Kolchosstraße 4 klingt nicht unbedingt nach Kunst und Kultur. Eher nach Kuhstall und Kartoffelernte. Aber damit ist man gleich doppelt auf der falschen Fährte. Denn wo vielleicht einmal Landwirtschaft betrieben worden sein mag, haben sich längst vierzehngeschossige Wohnblocks breitgemacht. Und wo es bisher nicht viel zu sehen gab, da sind vor wenigen Monaten gleich reihenweise Wandbilder entstanden. Mit dem Streetart-Festival „Urban Morphogenesis“ ist nun auch in einem typischen sowjetisch-russischen Mikrorajon östlich von Moskau angekommen, wie Kunst noch sein kann: nicht hinter Glas und gegen Eintritt zu besichtigen, sondern Alltag vor der eigenen Haustür.
Im Verlaufe mehrerer Wochen kam Farbe in ein Viertel von Schelesnodoroschny, einen Bezirk der Moskauer Vorstadt Balaschicha, und Leben in die Fassaden von 37 Häusern.
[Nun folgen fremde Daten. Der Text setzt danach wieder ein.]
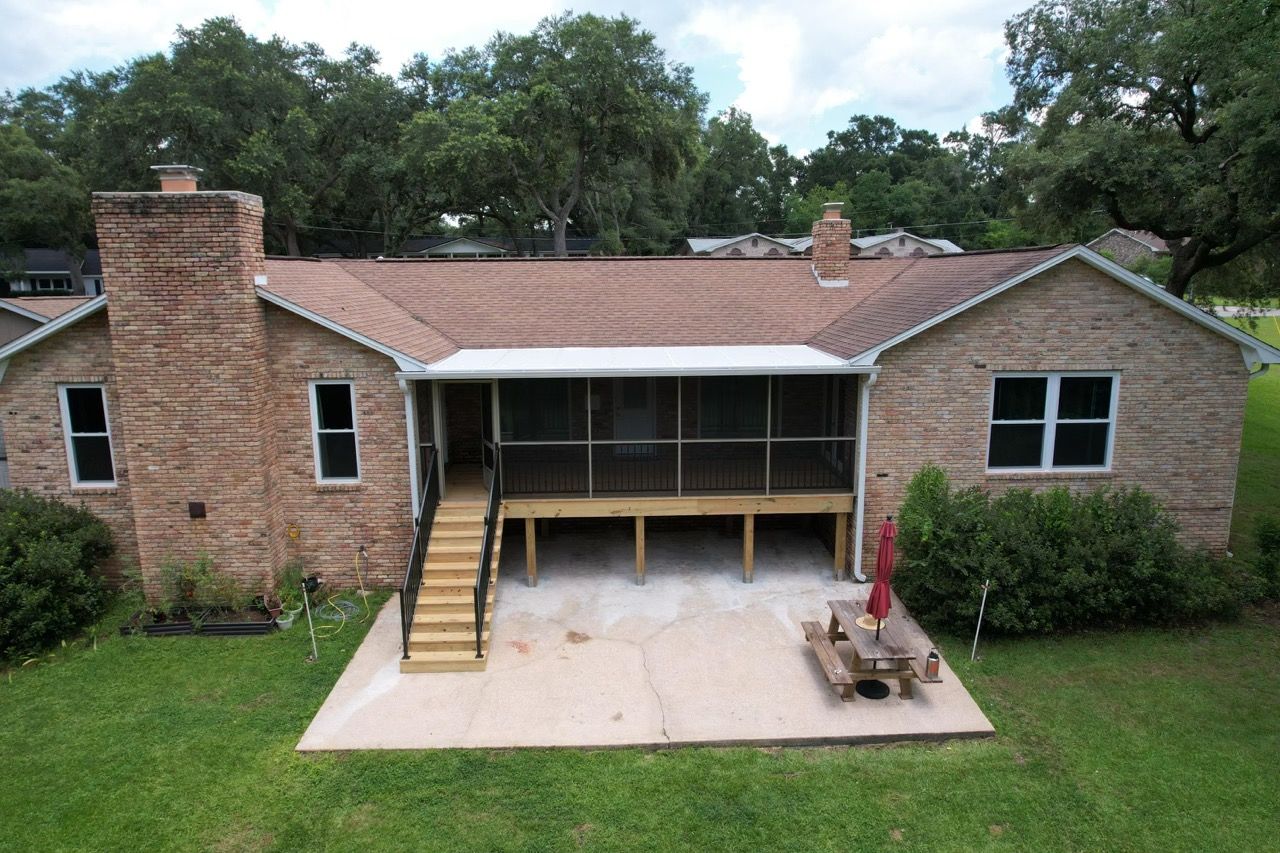 Screen Room w/Deck in Milton by Titan Sunrooms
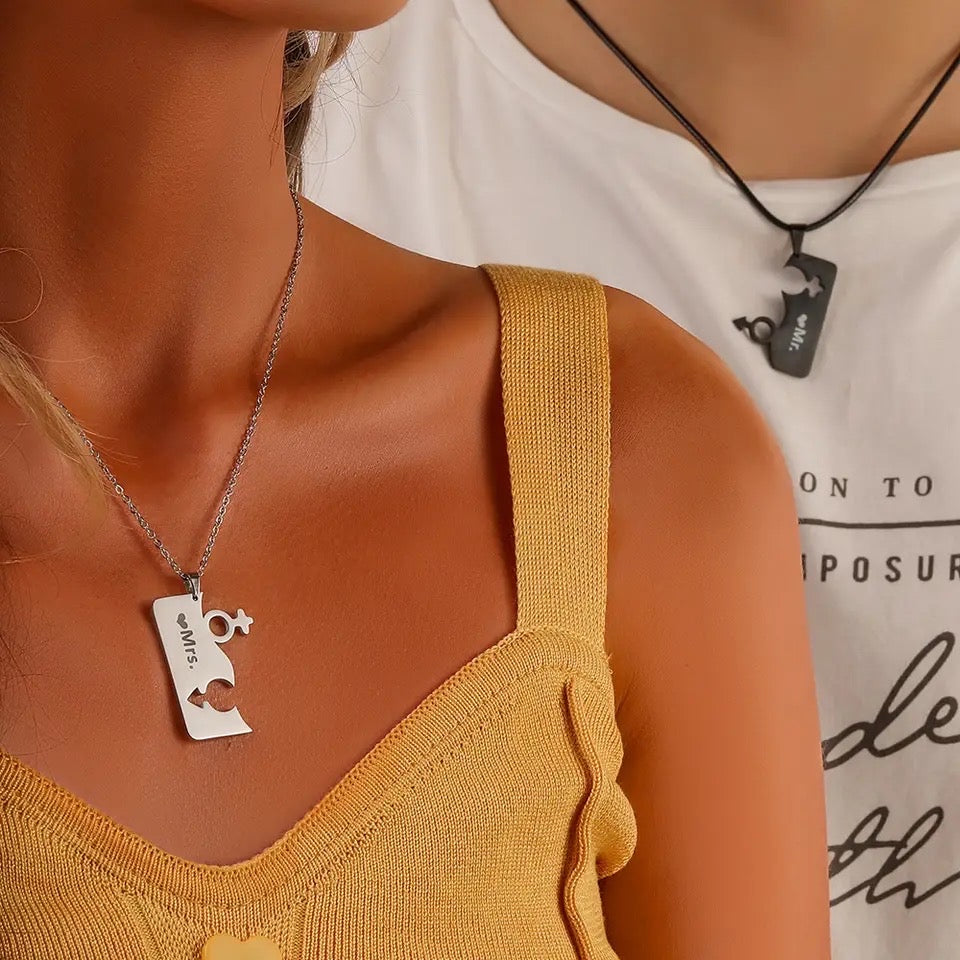 COLLARES ROMPECABEZAS BLANCO Y NEGRO PAREJAS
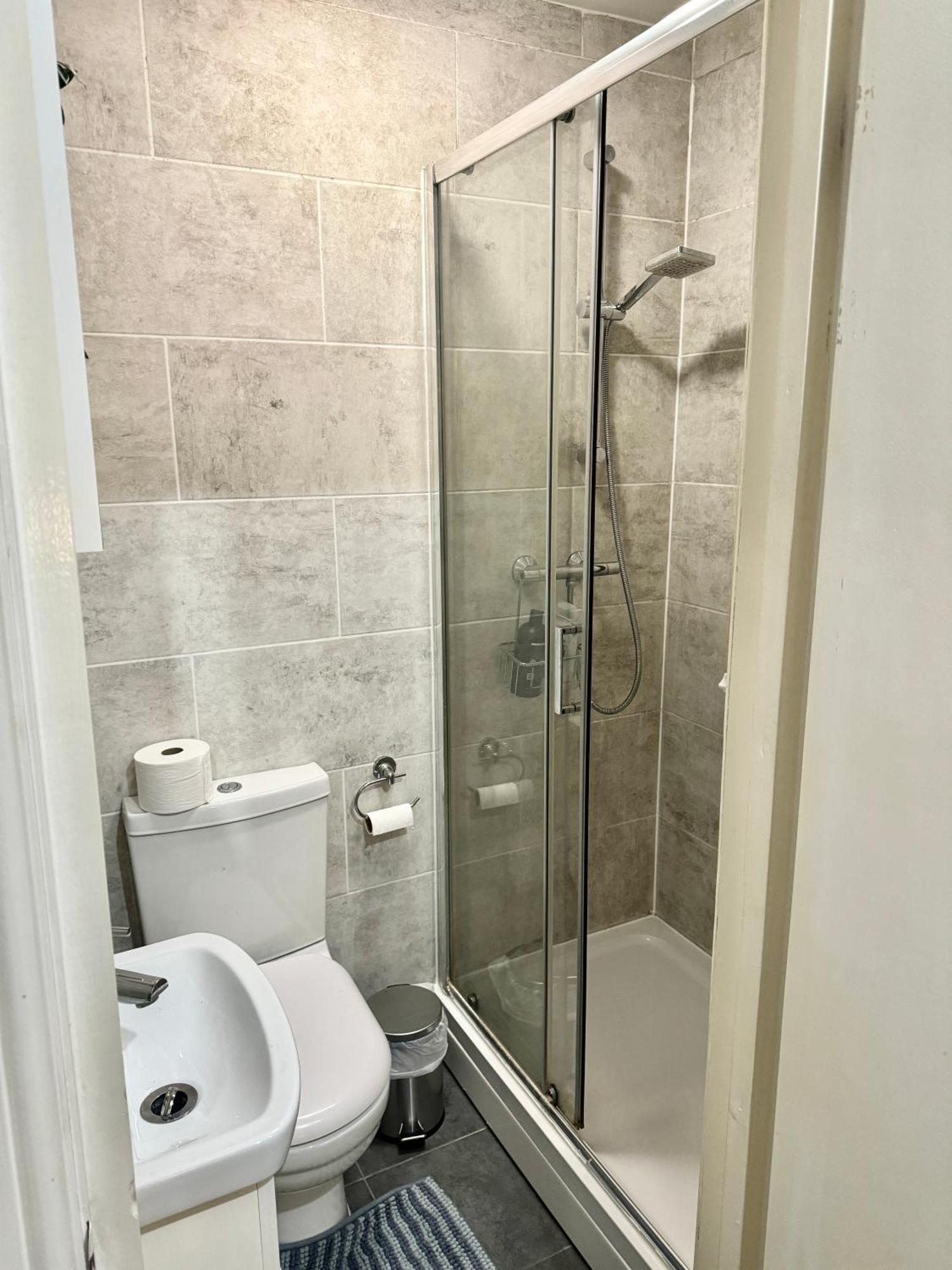 Quarto em Acomodações Particulares Modern En-suite By Finsbury Park Station 8 Mins To King's Cross By Tube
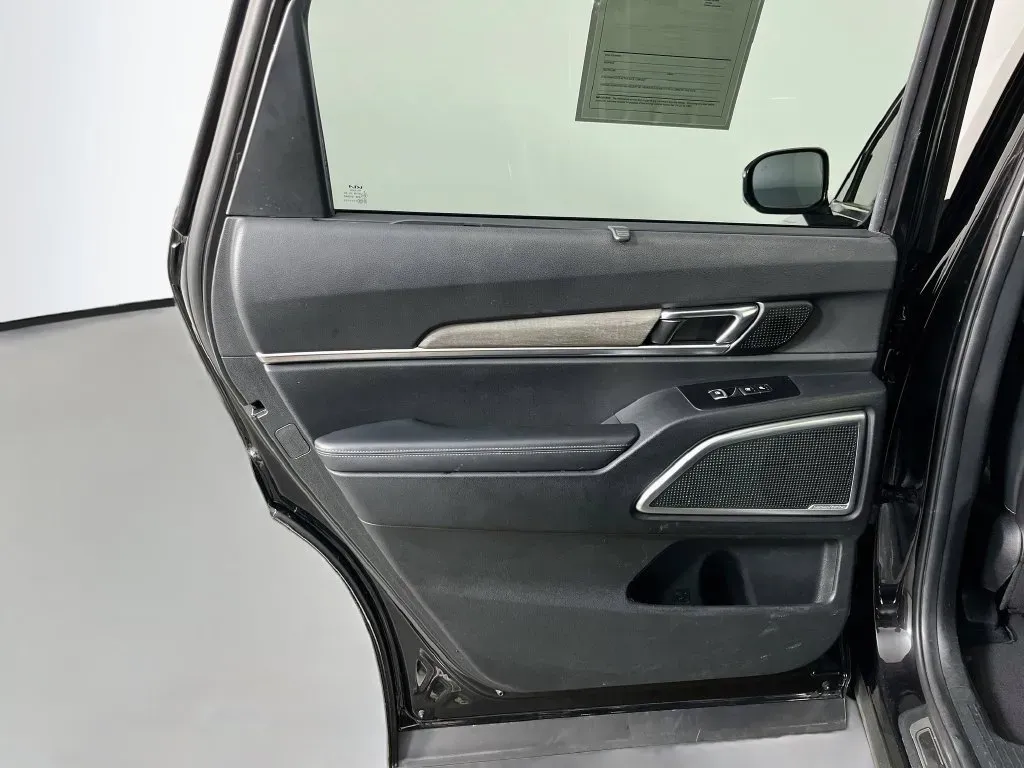 Kia Telluride photo 32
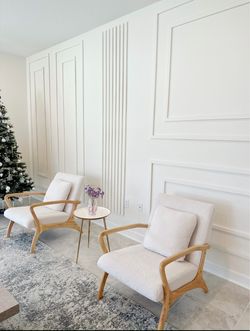 Set of 2 Mid-Century Modern Bouclé Accent Chairs – Cream/Natural Wood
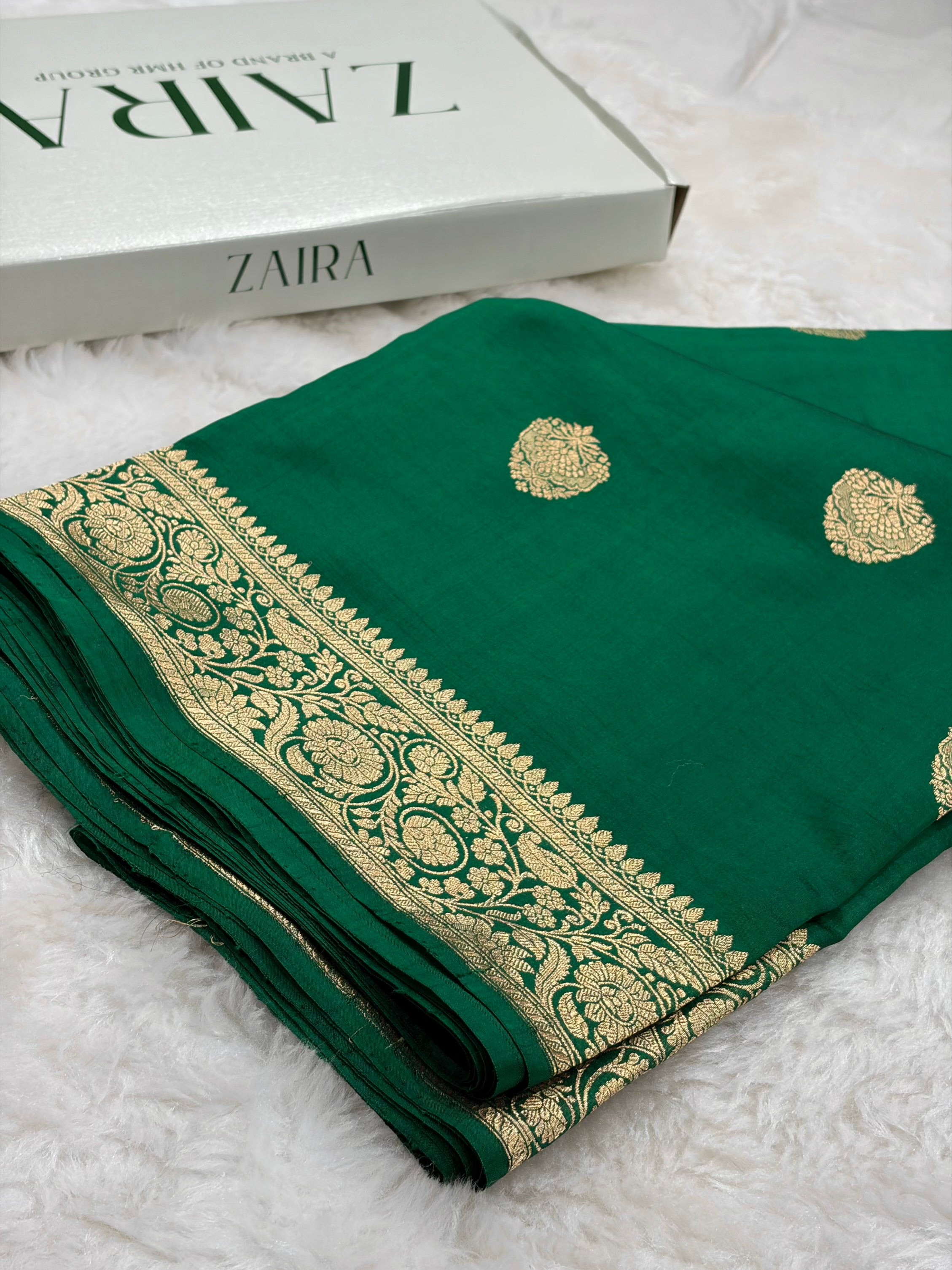 Banarasi Bottle Green Shades Boota Handwoven Pure Paper Silk Saree RM-93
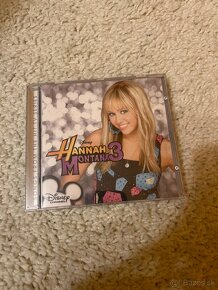 CD albumy - Madonna, Desmod, Hannah Montana, One Direction - 5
In der Kolchosstraße 4 war es der Italiener Mauro Patta, der ein sogenanntes Mural schuf, das die gesamte Hauswand bedeckt. Nebenan in der Kolchosstraße 8 verwirklichte sich der Mexikaner Farid Rueda, der in seiner Heimat zu den namhaftesten Vertretern seines Faches gehört.
Insgesamt sechs Straßen wurden von 60 Straßenkünstlern aus zehn Ländern in die Arbeit einbezogen. Neben Wohnblocks machten die sich auch über andere Objekte wie zum Beispiel einen Kindergarten her. Stilistisch wie thematisch sind die Wandmalereien ganz verschieden: Es geht auch mal um den Kampf gegen Aids, aber gesellschaftskritische oder gar politische Aussagen sind höchstens in Ansätzen zu erkennen.
Das Festival „Urban Morphogenesis“ wird von staatlichen Stellen maßgeblich mitorganisiert und mitfinanziert. Es tourt seit 2019 durch Russland. Frühere Schauplätze waren unter anderem Tscheljabinsk, Kasan und Nischni Nowogorod.